Create Something New or Preserve What Was There?

Barry Bergdoll, Meyer Schapiro Professor of Art History
May 06, 2019

It is sad that sometimes a monument is under the greatest danger when it is under care. Such was the case with Notre-Dame. In our age of surveillance and detection we should be seeking state-of-the-art fire detection systems as an integral part of restoration procedures.

Luckily, the fire was extinguished by a heroic and wise fire-fighting strategy that focused on the twin towers of the cathedral’s west front in a timely way, preventing a catastrophic chain of events had the towers been compromised.

Unfortunately, the timber of trees felled in the Middle Ages to create a man-made “forest,” one that remained intact for centuries—despite the French Revolution, a 16-month siege by Prussian forces in the 19th century, two world wars and the Nazi occupation of Paris—cannot be easily replaced.  It is perhaps vain to try to recreate the structural system of a medieval roofing technology to protect the vaults that must be covered, checked and repaired as a first priority. But the profile of the cathedral in the city can be recreated.

The conversation has already been opened as to whether to reproduce what is lost or to advance the argument that cathedrals have always been living monuments that have evolved and changed with each generation. And the question of the famous spire, a pure creation of the 19th century and yet one of the most beloved symbols, is at the heart of this debate.   

On the one hand I am always in favor of promoting new architectural creativity and opposed to historical pastiche; on the other I think the issue is more complex in terms of repairing a loss that is immediate and raw.   

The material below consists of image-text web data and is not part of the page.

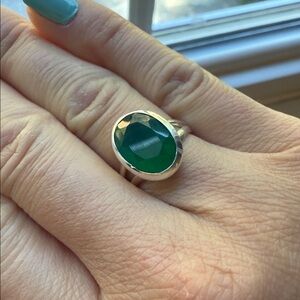 Faceted green onyx sterling silver ring size 6?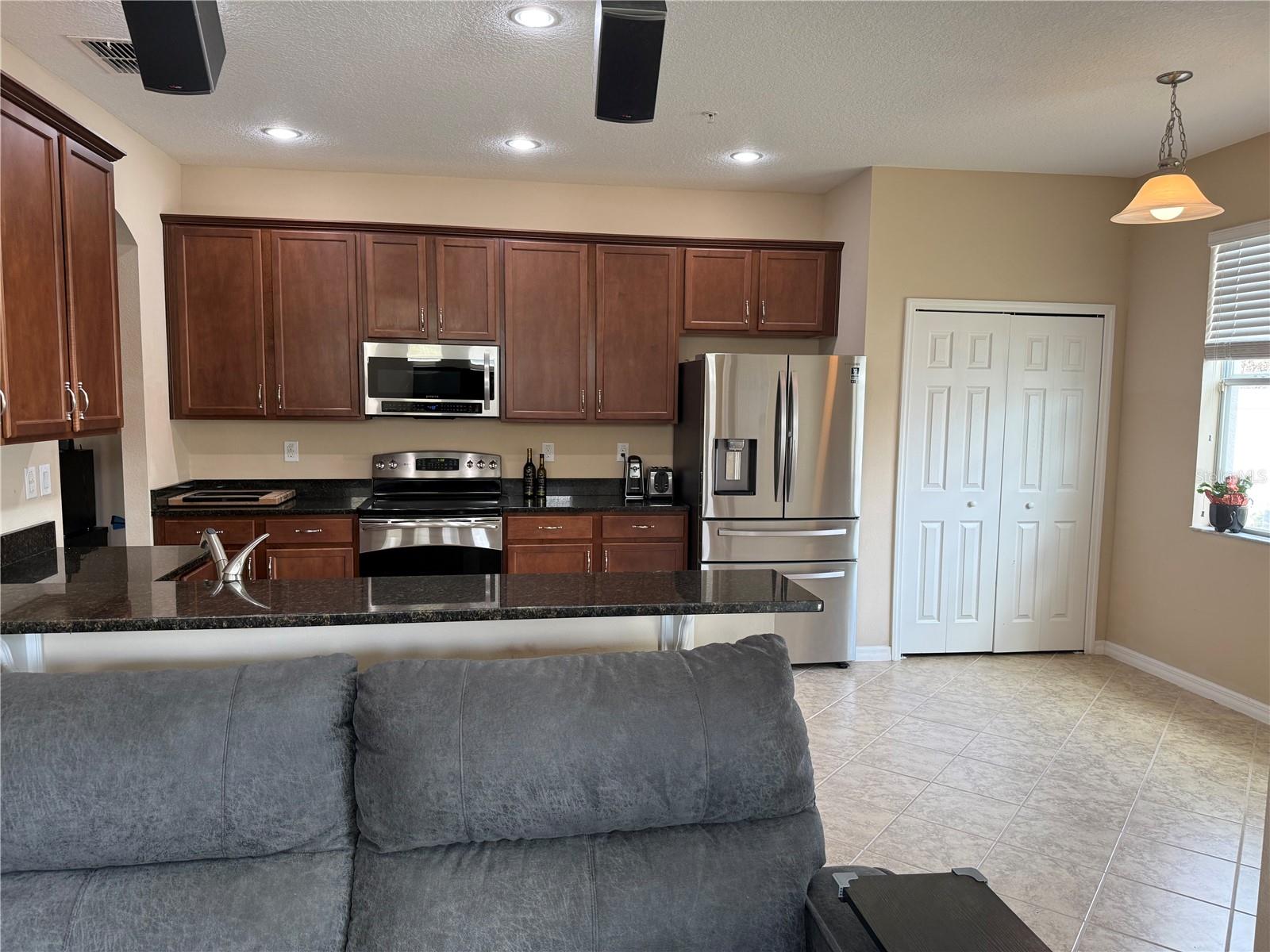 Image 12 of 34 For 321 Canyon Stone Circle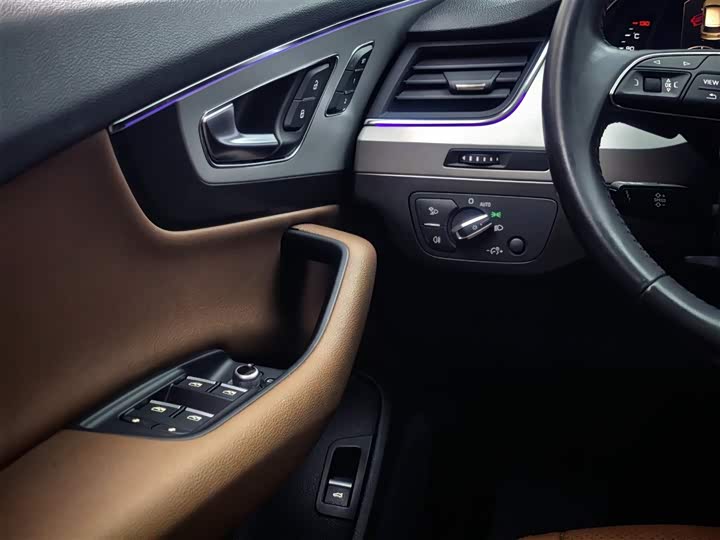 Audi Q7 2018 40 TFSI Comfort — фото 21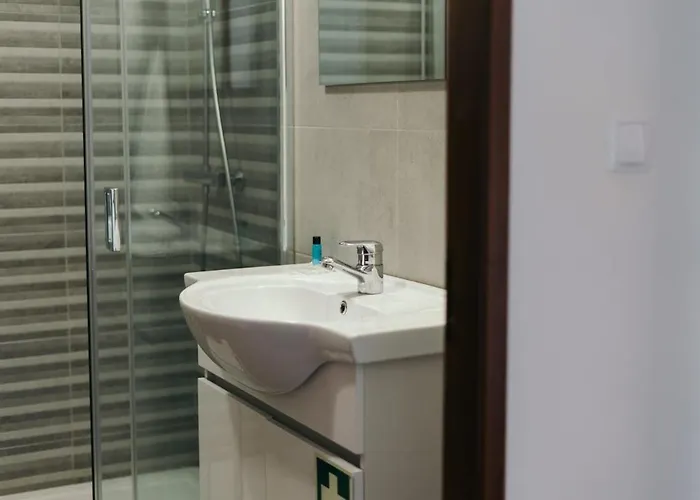 05 - The Location Ferrel (Leiria)
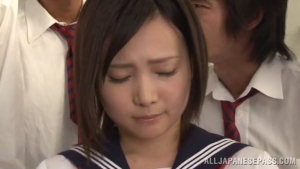 Même devant tous les mecs du lycée, Shiori Tachibana taille une pipe incroyable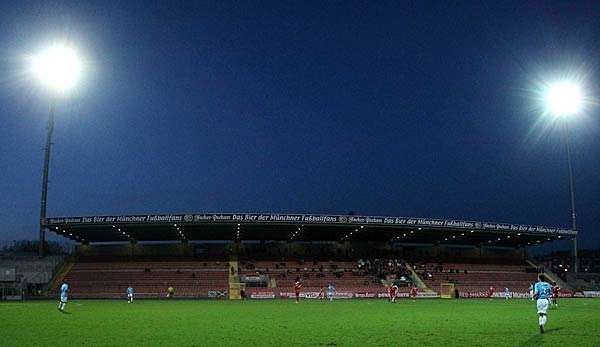 Medien: Bayern-Fans klauen Ziffern aus dem Grünwalder Stadion von 1860 München.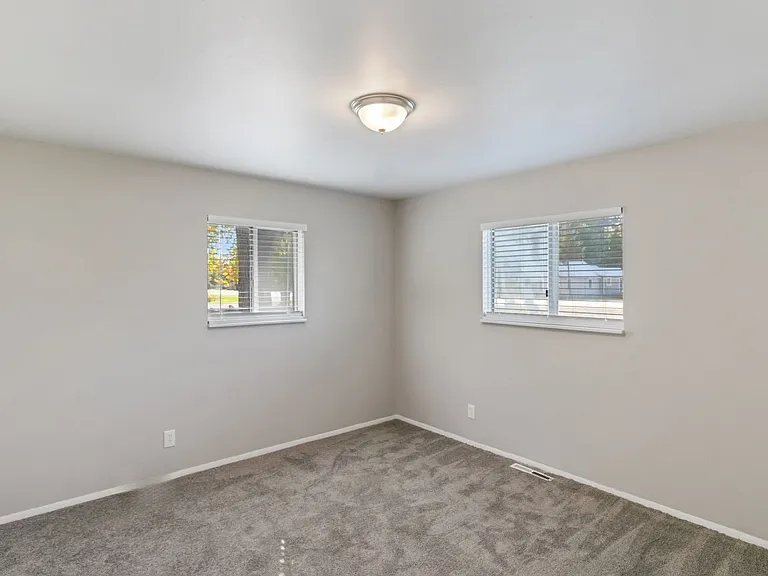 12320 & 12358 N Saginaw Rd — Photo 9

The Cathedral of Notre-Dame has remained largely unchanged in its outward form since the comprehensive campaigns lead by E.E. Viollet-le-Duc over some 25 years in the middle of the 19th century. The monument is arguably as much a monument of the 19th century rediscovery of Gothic architecture and of the modern culture of preservation and conservation as it is of the Middle Ages. It seems that even though the cathedral was one of the first buildings to be protected under French Monuments Historiques legislation in the 19th century, and later under UNESCO World Heritage designation in the 20th, it is now considered acceptable by some to distinguish between medieval and 19th century fabric in proposing a triage of what to restore religiously and what to replace with new designs. Suddenly one of the most important architects of the 19th century--and one of his masterpieces, the spire of Notre-Dame--is to be discarded while the vaults will be faithfully rebuilt?  

Given that many of the sculptures that were part of that spire were removed during the restoration work, it seems all the more logical to put them back in place on a replica of what has been lost. The idea of submitting this beloved symbol to an aesthetic referendum in the current political climate in France seems as unwise politically as it is questionable in relationship to current uses of French monument restoration.